Global Training Report Archives 1997-2016

 

 

 

 

 

 

 "Jiu-Jitsu is Gonna Drown"

but Rickson Gracie plans to do something about it....

By Roberto Pedreira 

Posted April 11, 2017

Roberto Pedreira's first exposure to Gracie Jiu-Jitsu, or BJJ as it's now called, was via martial arts magazines featuring Rickson and the usual suspects. He was unimpressed. Pictures didn't do the art justice. It didn't matter that much because he was far away from any place where he could learn "BJJ", even if he wanted to.

Several years later, about 1991, a friend of a friend from the USA, visiting the edge of the world where Roberto was at that time living/working/training, brought with him a Gracie Instructional tape. Roberto and his training partners studied the "uupah" mount escape and deemed it most worthy of adding to their menu of techniques, concepts, and skills. In retrospect it was fortunate that it was the uupah escape and not an inverted Berimbolo variation that he first encountered. History would have been very different otherwise. 
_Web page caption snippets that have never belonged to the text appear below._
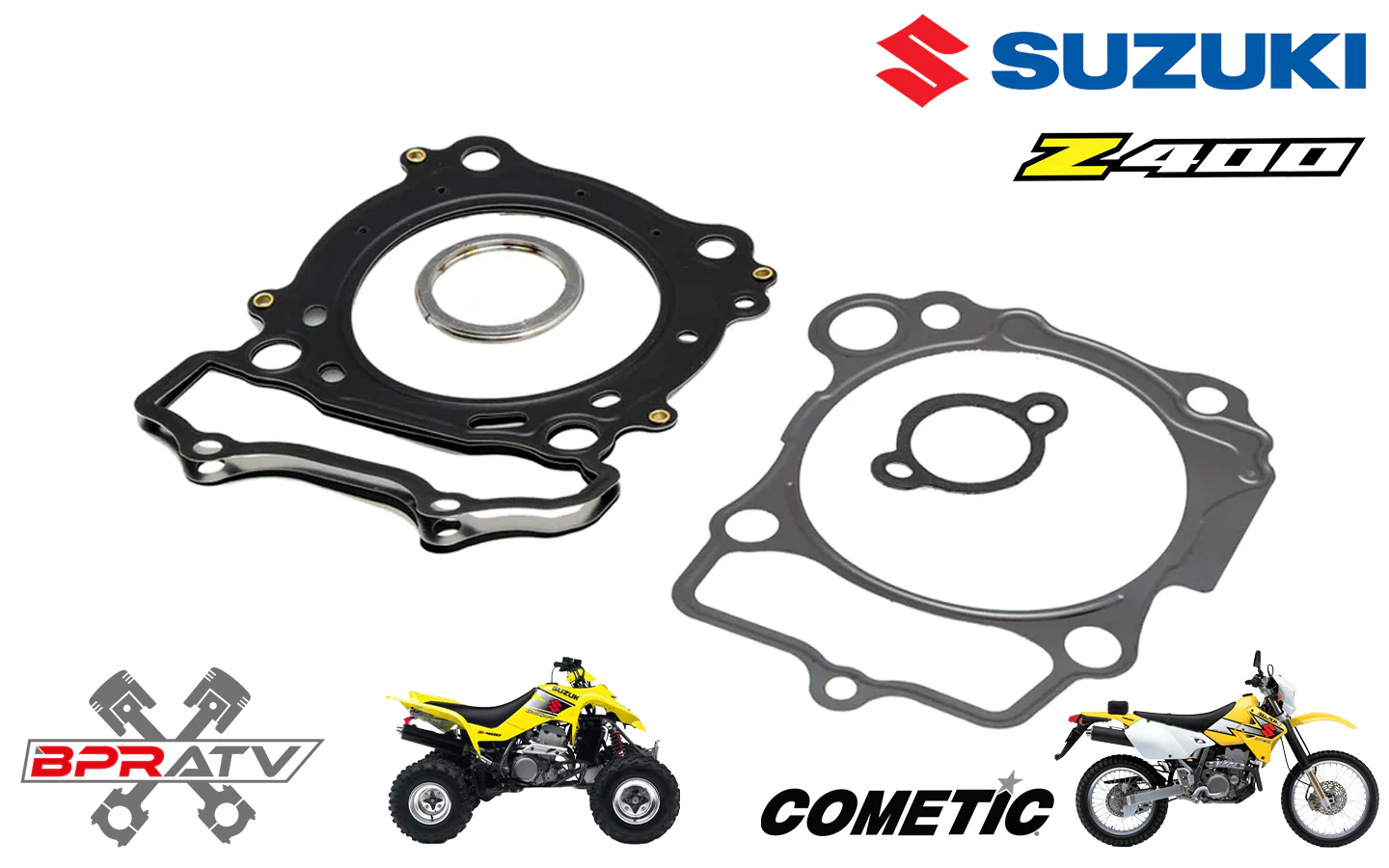 Suzuki LTZ400 94mm +4 Big Bore BPRATV Wiseco Piston 12.5 Cometic Gasket Top Kit - Image 11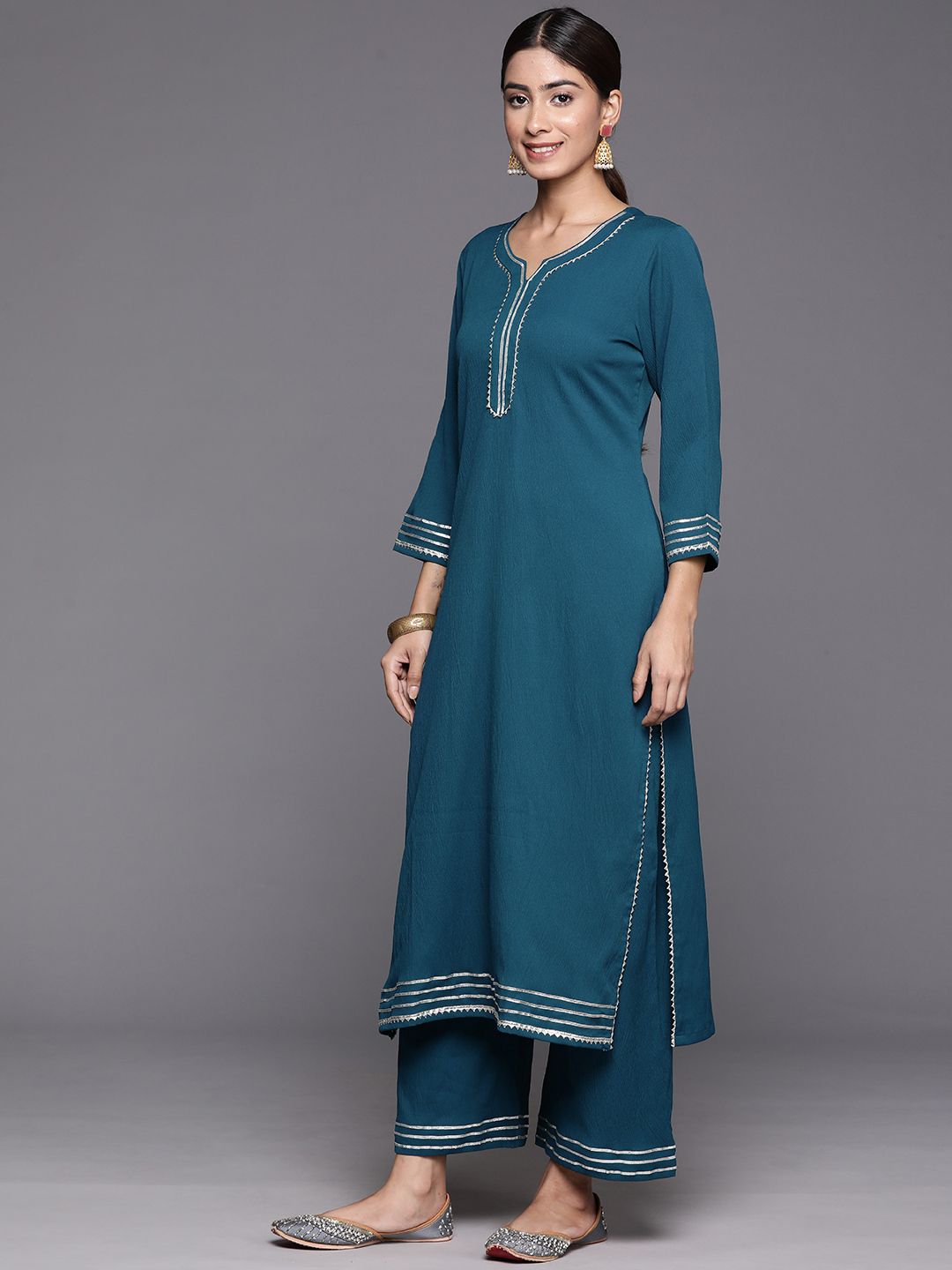 Varanga  Printed Gotta Patti Kurta with Palazzos & Dupatta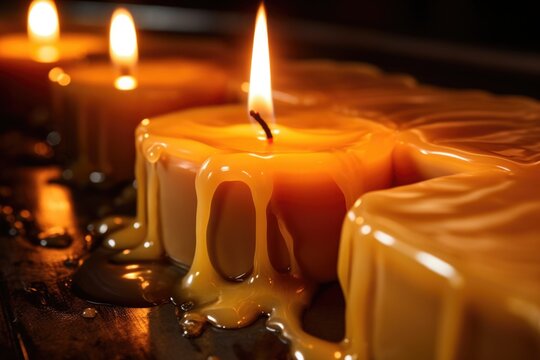 Selective focus of wooden wick for candle making at the table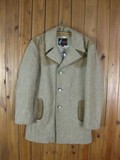 古着 美国产 70年代羊毛呢搭磨砂牛皮中长款猎装男夹克外套 1734
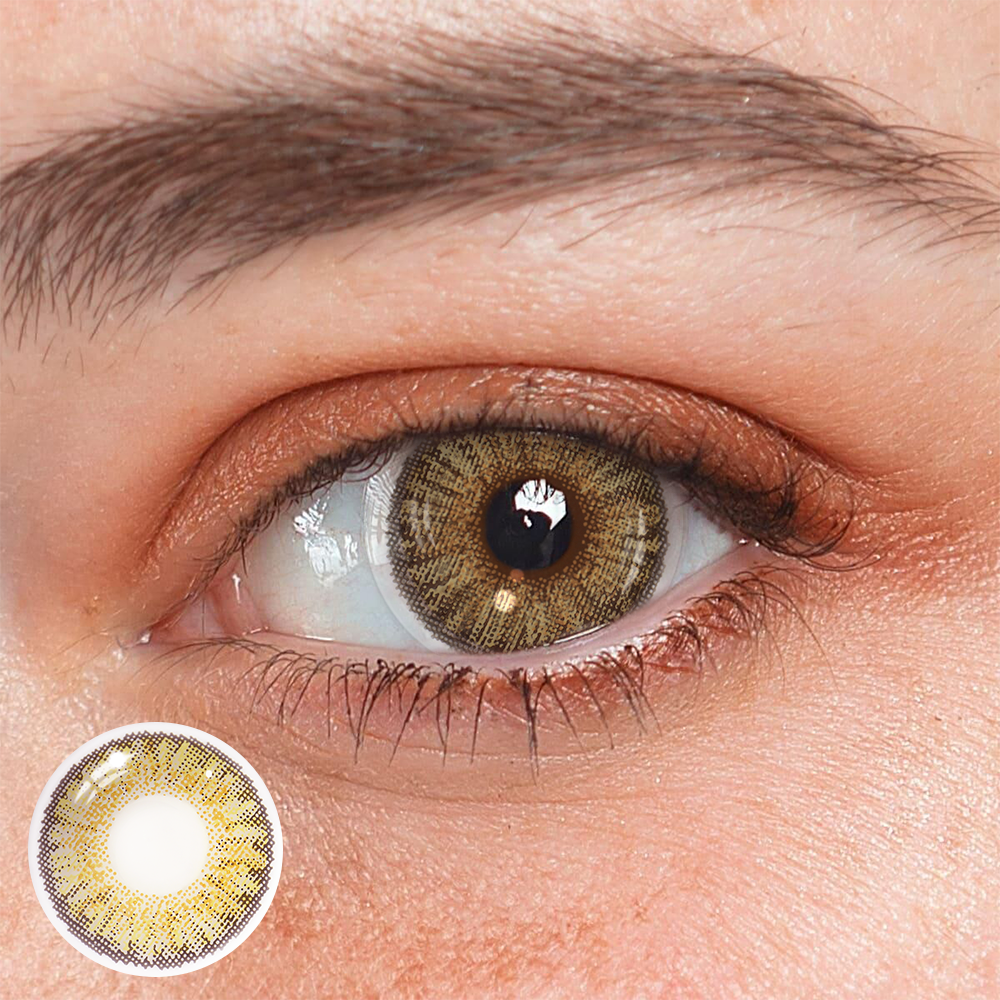 New 3-Tone Brown Prescription Colored Contact Lenses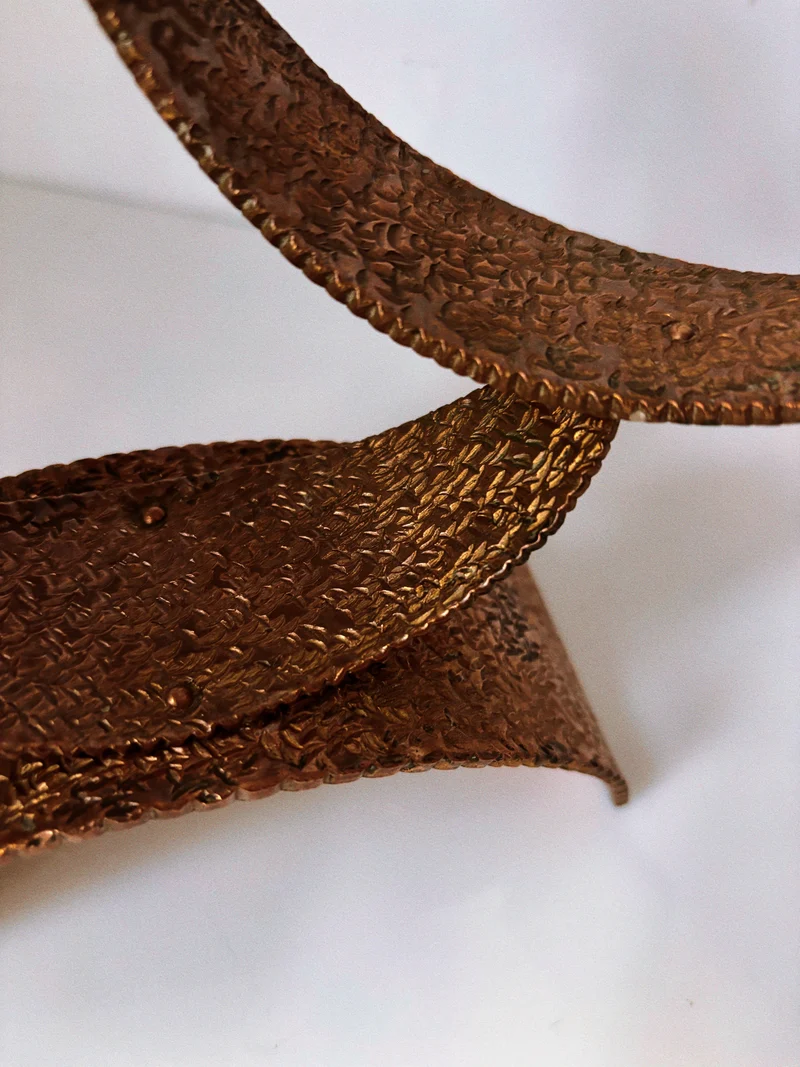 Mid Century Hammered Metal Candlestick, Poland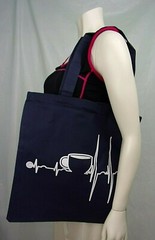 Coffee Tote Bag Size L Reusable Cloth Shopping Beach Grocery 15.5″X15″ Blue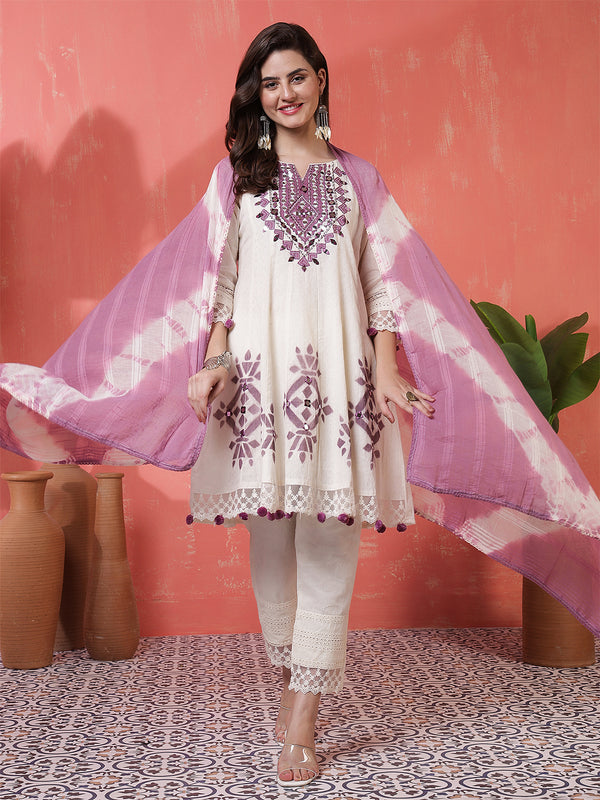 Kimayra Jacquard Knee Length Solid 3/4 Sleeves Round Neck Flared Kurta Suit Set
The uppah escape is a good example of GJJ/BJJ. It is mechanically simple. It almost always "works" and it is easy to grasp why it works. It's easy to learn and hard to forget. Someone who begins their BJJ career with this technique and a few others like it will be immediately prepared to survive a "real" fight. The same day. You don't need to enroll in a Shaolin Monastery for 12 years.

 

Of course, the uppah escape is a basic German folk style wrestling bridge, adapted by the French into a style they renamed "Greco-Roman". It goes way back, in other words. The Brazilians didn't invent it. They did add some details, they repurposed it (the original application was for avoiding pins), and more importantly, they were offering to teach it to us, and they broke it down in a way that average Joes could understand and do. You didn't have to be a hard-core wrestler with mangled ears. Anyone could and should learn this art, they (Rorion Gracie that is) said, if only to back up whatever art they already trained, if any. Lessons weren't cheap, but you get what you pay for. No one forced anyone to enroll in their lessons (and anyone who wanted to was entirely free to go to Brazil if they wanted to: Jiu-Jitsu in the South Zone 1997-2008).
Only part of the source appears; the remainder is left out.